Recruiting New Dentists in Iowa:  A guide for your community to be successful

Chapter 4: Recruitment Tools

There are several strategies and tools communities can use to increase their recruitment success.

Office of Iowa Practice Opportunities’ Website

The OIPO maintains a website that has listings for practice opportunities and communities seeking a dental provider in Iowa. Students and graduates use this website regularly to search for available opportunities in Iowa. Utilizing this free resource provides one of the best ways for exposure for your opportunity. Online submission of an opportunity can be done at

Iowa Practice Opportunity Fair

Each fall, the OIPO hosts the Iowa Practice Opportunity Fair in the Iowa City area. Connections have been made at past fairs that have led to a practice and a community gaining a new dentist. During this event, dentists and communities have the chance to display their opportunity and interact with the college’s students.

For a dentist who is planning to exhibit, having information about and pictures of the office is advisable in addition to knowing what the transition arrangement and plan is. When recruiting for a practice, a dentist represents the community as well. Local Chambers of Commerce often have materials that can be given out about the community and sometimes a display that can be borrowed to use as part of your display. Bringing a member(s) from the dentist recruitment task force or community representatives to help exhibit the opportunity shows that a new dentist is supported and will be valued by the community.

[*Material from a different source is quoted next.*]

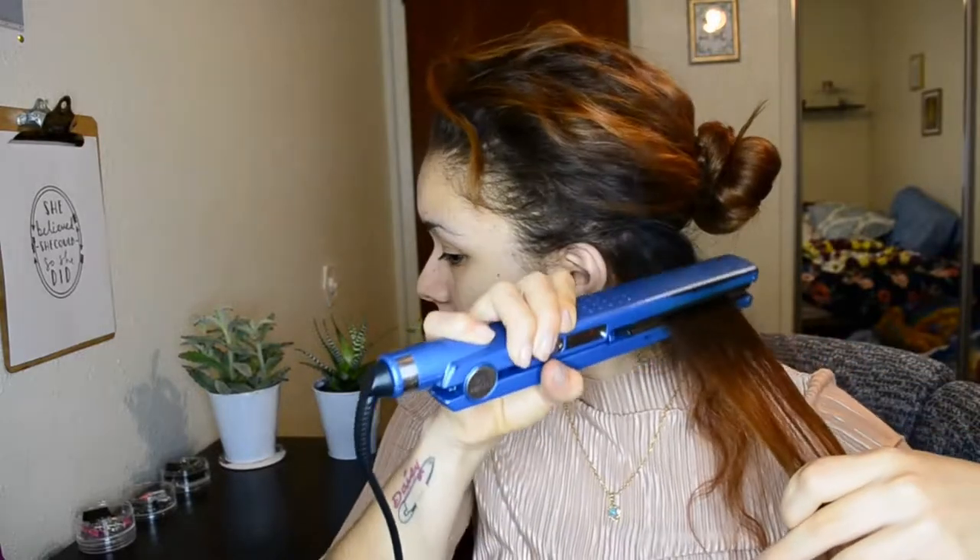I put the leave-in hair serum focusing mainly on the ends, just a little bit, and work it in. This really helps your hair look shiny and stay hydrated, because you need some kind of protectant whenever you're flat ironing — otherwise your hair is just going to singe and die. I start at the roots and do a one-two-three motion, then go down, and about halfway I grab my comb.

Information and details about the annual event can be found on the OIPO website at

Community Tour

A community tour is another tool to attract a new dentist. Working with the OIPO, invite prospective students and graduates to spend a day in the community. Because students are required to be in class or clinic during the week, the tour will need to be held on a weekend. The Iowa Practice Opportunities Coordinator can help to identify weekends that do not have a conflict with an activity on the collegiate calendar.

Before the tour, identify who should be included in the day. Members of the recruitment task force will want to be part of it. If there is a dentist who is either looking for someone to join their practice or to whom they can sell their practice, ask them to participate in the day and include a tour of their office in the schedule. Consider inviting people in leadership positions in the community who may not be part of the recruitment task force but who represent the community like the mayor, city council members, school principals and superintendents and young professionals.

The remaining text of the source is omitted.